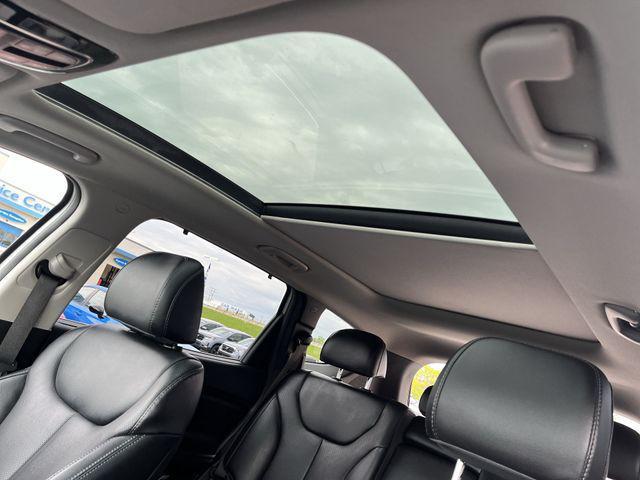 used 2023 Hyundai Santa Fe car, priced at $26,899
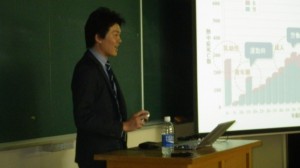 大塚製薬株式会社の岩﨑様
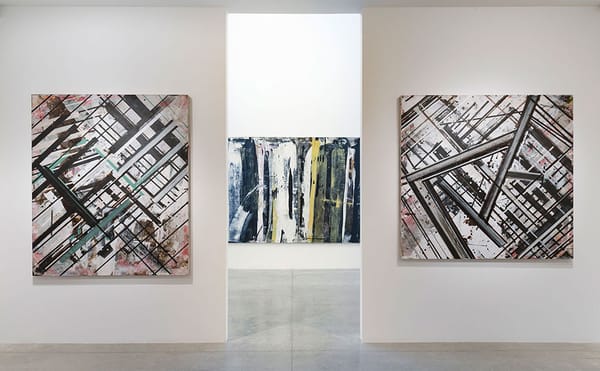 The Experimental Eclecticism of Ed Moses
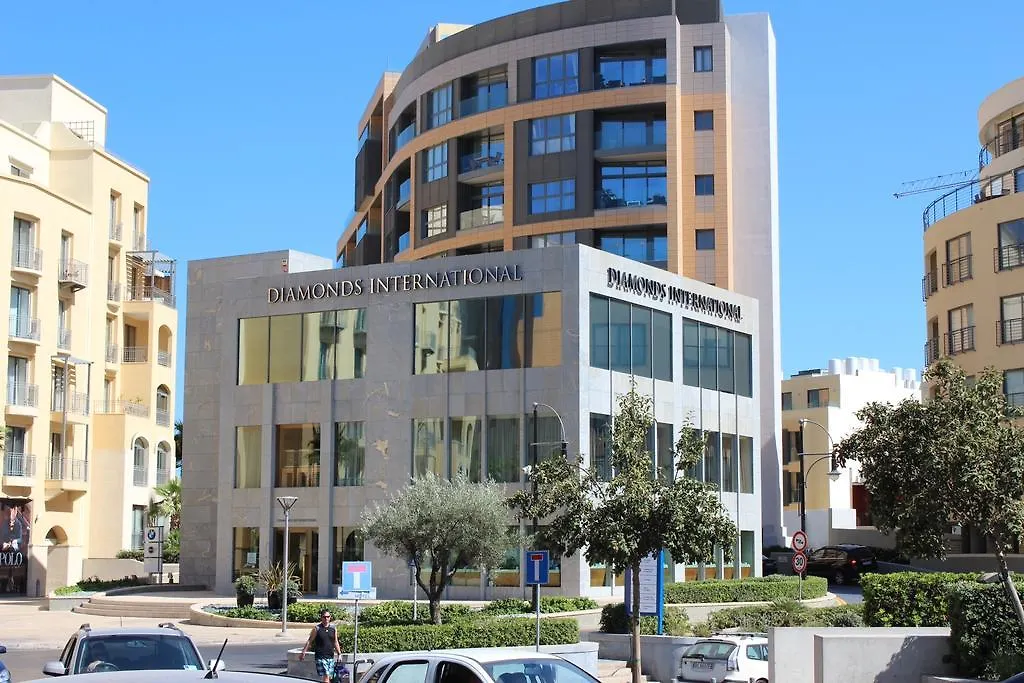 Onyx Apartments Saint Julian's Aparthotel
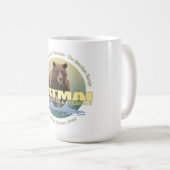 Mug Katmai (Ours Brown) WT (Devant droit)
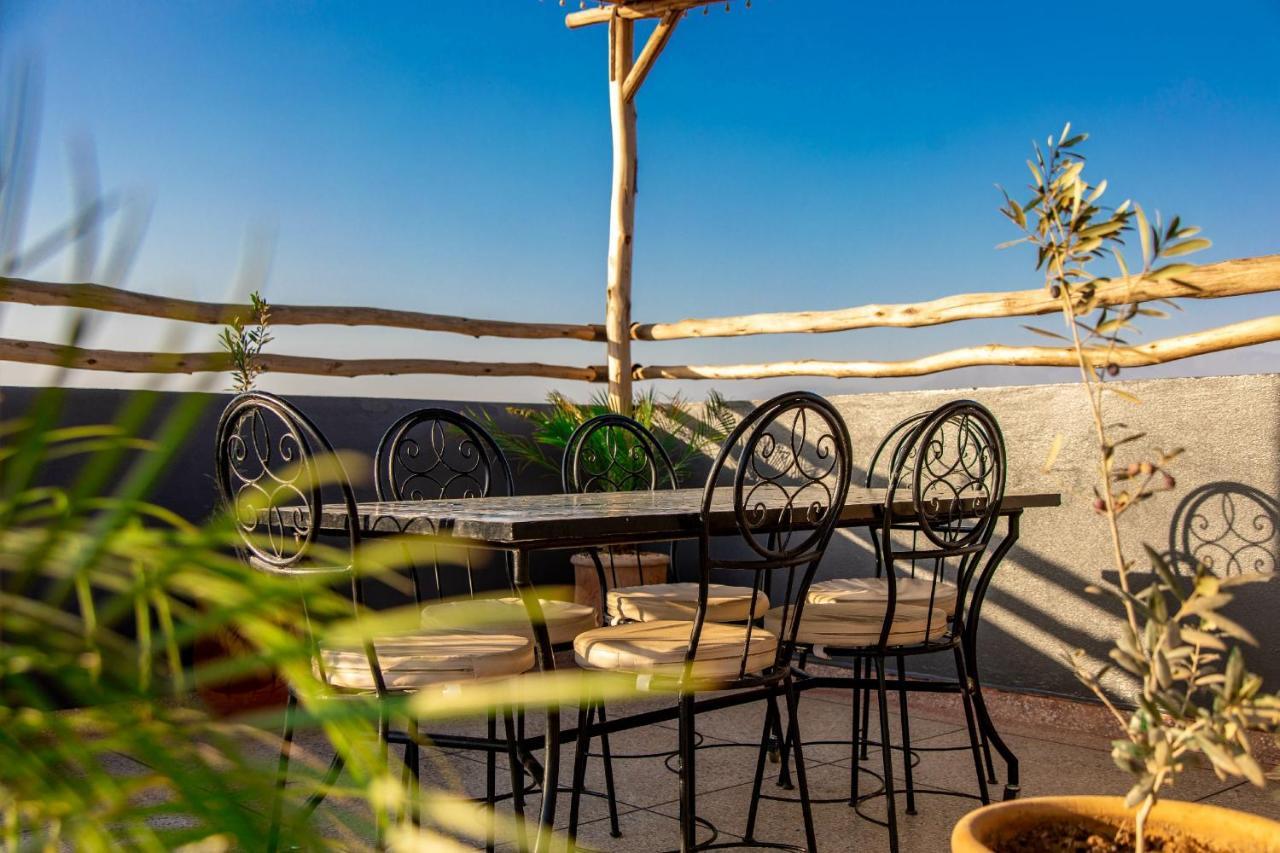 Pure Apartments Taroudant Luaran gambar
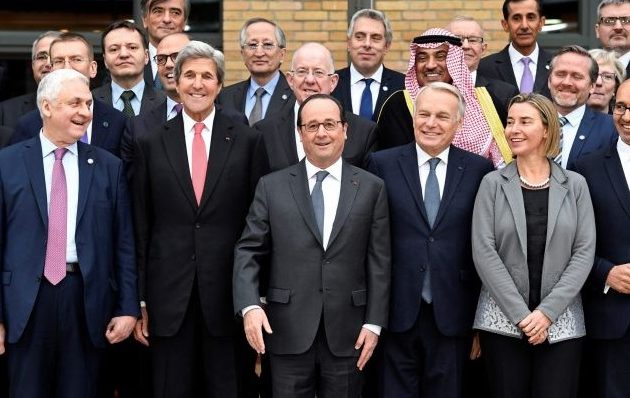 Διάσκεψη για το Μεσανατολικό: Όχι στις μονομερείς ενέργειες Ισραήλ και Παλαιστινίων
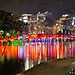 Noche en Hanói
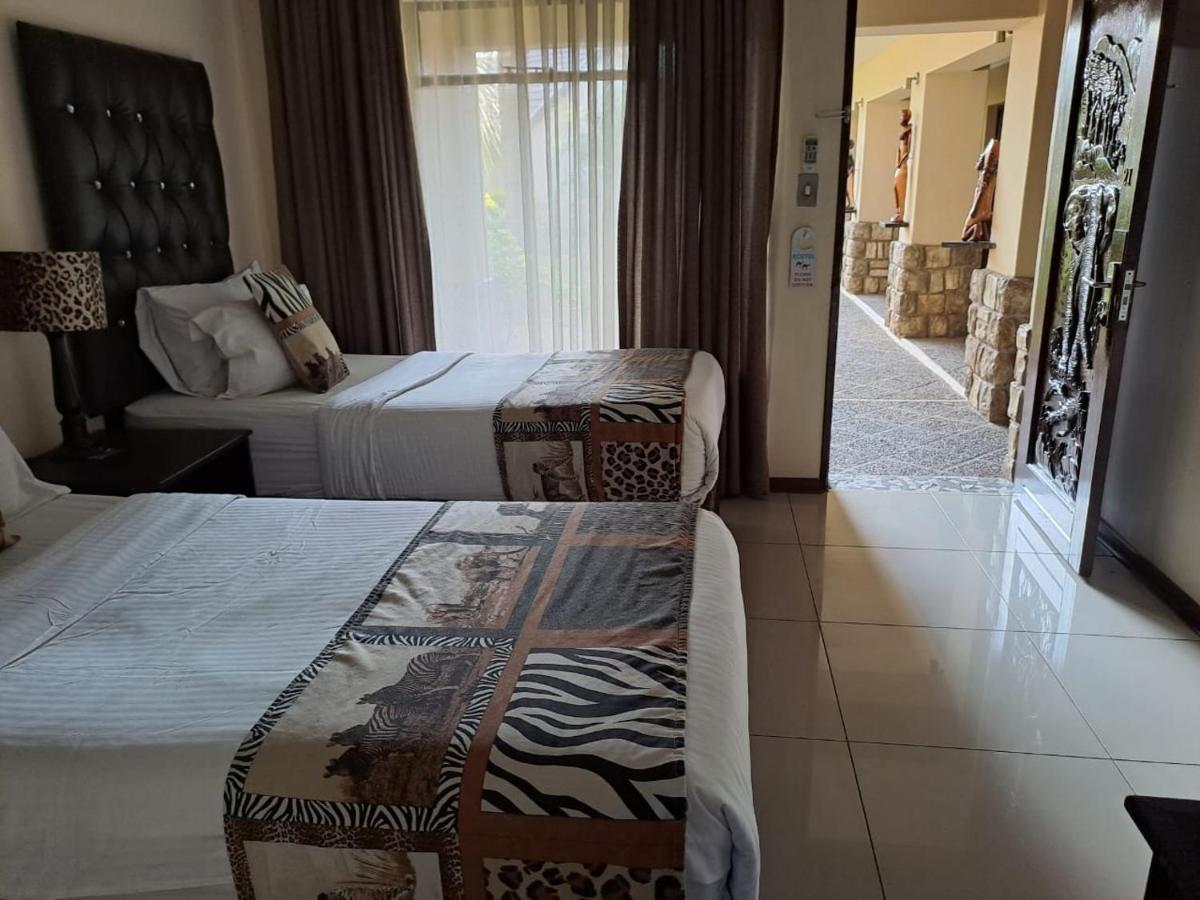 באנוני Ecotel Premier Lodge & Conference Centre מראה חיצוני תמונה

- - - - - - -

* Exercise brief *
Please return the lines from the line with "The Experimental Eclecticism of Ed Moses" through the last line of the data, both included, exactly, and without pictures.

* Problem solution *
 The Experimental Eclecticism of Ed Moses
 Onyx Apartments Saint Julian's Aparthotel
 Mug Katmai (Ours Brown) WT (Devant droit)
 Pure Apartments Taroudant Luaran gambar
 Διάσκεψη για το Μεσανατολικό: Όχι στις μονομερείς ενέργειες Ισραήλ και Παλαιστινίων
 Noche en Hanói
 באנוני Ecotel Premier Lodge & Conference Centre מראה חיצוני תמונה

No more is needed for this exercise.